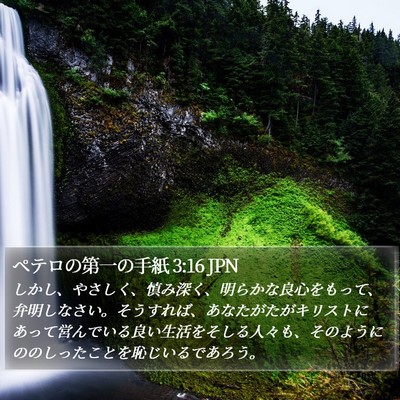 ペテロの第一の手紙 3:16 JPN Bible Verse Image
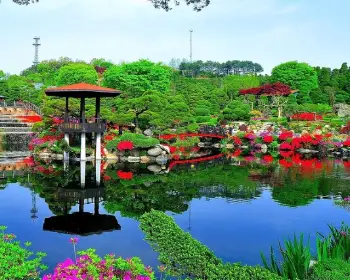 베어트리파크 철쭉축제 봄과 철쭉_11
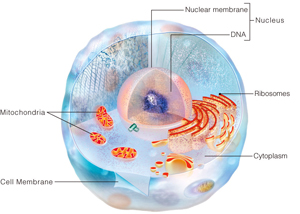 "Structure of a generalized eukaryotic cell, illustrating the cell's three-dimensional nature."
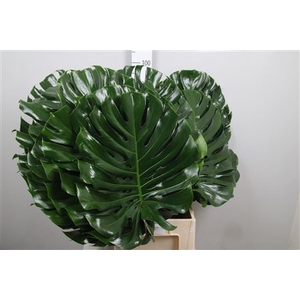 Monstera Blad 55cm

==========

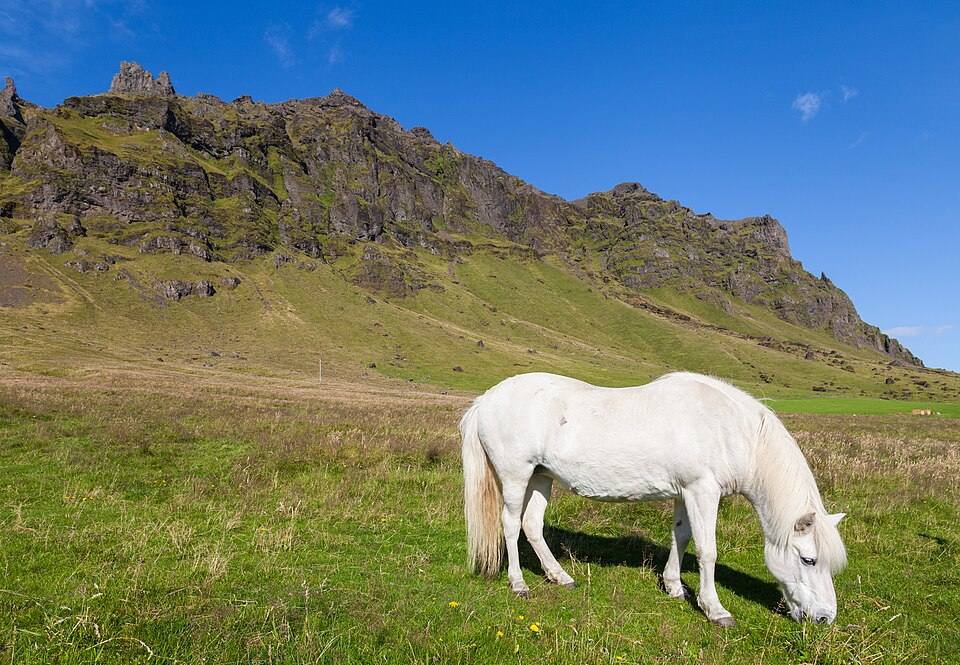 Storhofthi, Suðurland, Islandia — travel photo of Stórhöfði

==========

# Exercise requirements:
Look above for the line with "of a generalized" and the line with "Monstera Blad 55cm"; set down those two lines and all lines between them exactly, without pictures and without anything else.

# Result of the exercise:
 "Structure of a generalized eukaryotic cell, illustrating the cell's three-dimensional nature."
 Monstera Blad 55cm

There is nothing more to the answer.